Ein drittes Spannungsverhältnis – und mehr wie drei wird man nie mit Erfolg anwenden können – ist dann der Unterschied zwischen Kugel, Halbkugel und Walze oder Kugel gegen Würfelformen.

Erwägungen dieser Art sollten die eigentliche Triebfeder künstlerischen Tuns sein. Woher sich solche Gestaltungsvorgänge konzipieren, welche Stimulanzien dazu führen, ist jedermanns Privatsache und auch wo er hinauskommt, ist seiner eigenen Anlage überlassen.

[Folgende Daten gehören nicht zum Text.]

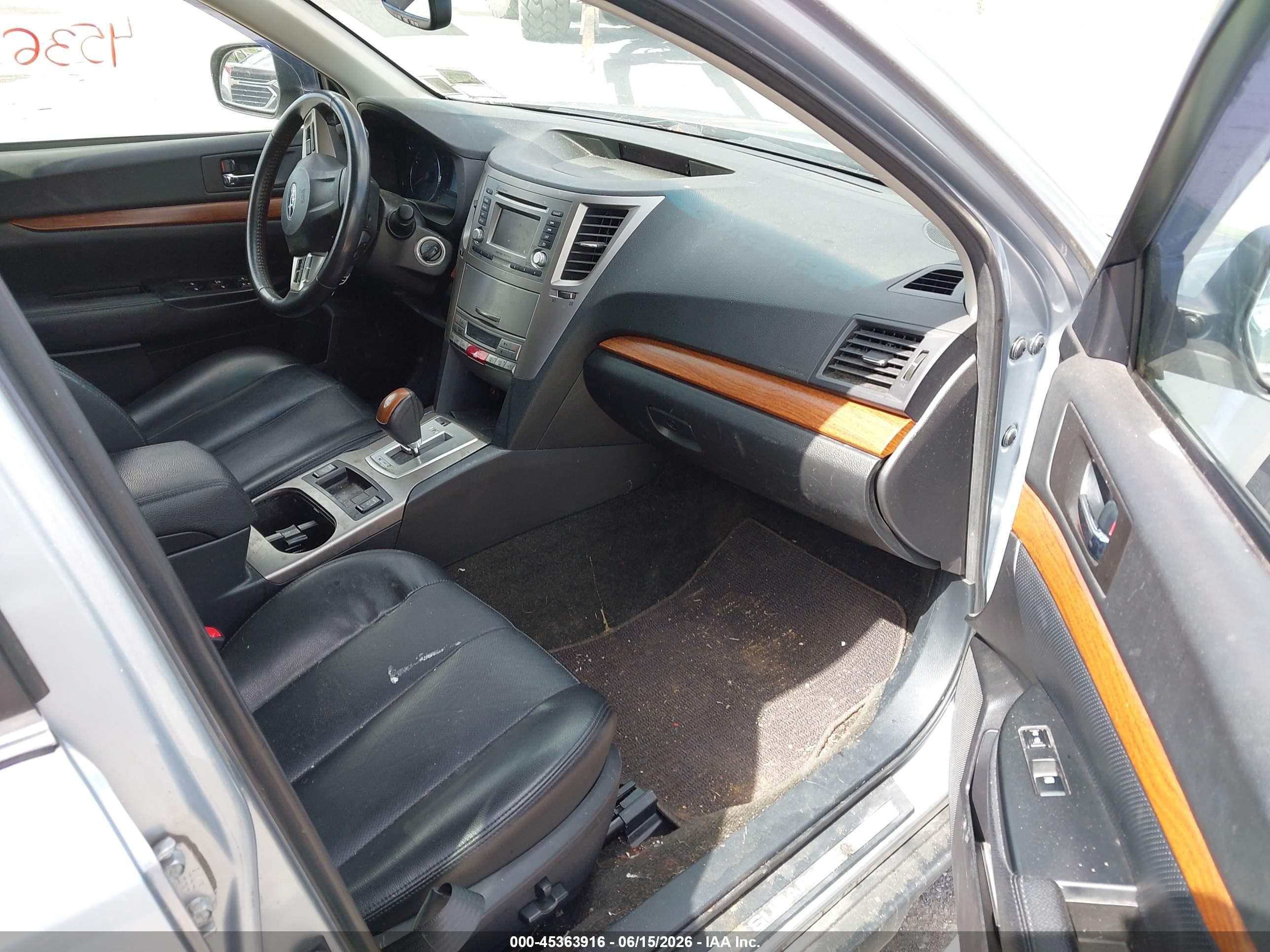 2013 Subaru Outback 2.5i Limited Silver vin: 4S4BRCJC1D3296848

Der deutsche Künstler hat – gefühlsbetont und romantisch angelegt – einen scheinbar längeren Anlauf als z.B. der französische. Sein Aufwand ist, wie man immer wieder sieht, ungeheuer groß und die Widerstände, die er selbst aufstellt, von denen er oftmals Entzündung erwartet und erhält, sind riesig. Ein Meister ist, wer mit den Gestaltprinzipien spielend umgehen kann, die schärfsten Spannungen herstellt und sie, ohne sie abzuschwächen, zur harmonischen Ganzheit zu verbinden vermag. Ist er ein Künstler, ein lebendiger Mensch, so ist die Gefahr des Formalismus ausgeschaltet, denn das Spielen mit solchen Spannungen ist hochexplosiv und lebenszündend und das Ergebnis dann von selbst lebendig. […]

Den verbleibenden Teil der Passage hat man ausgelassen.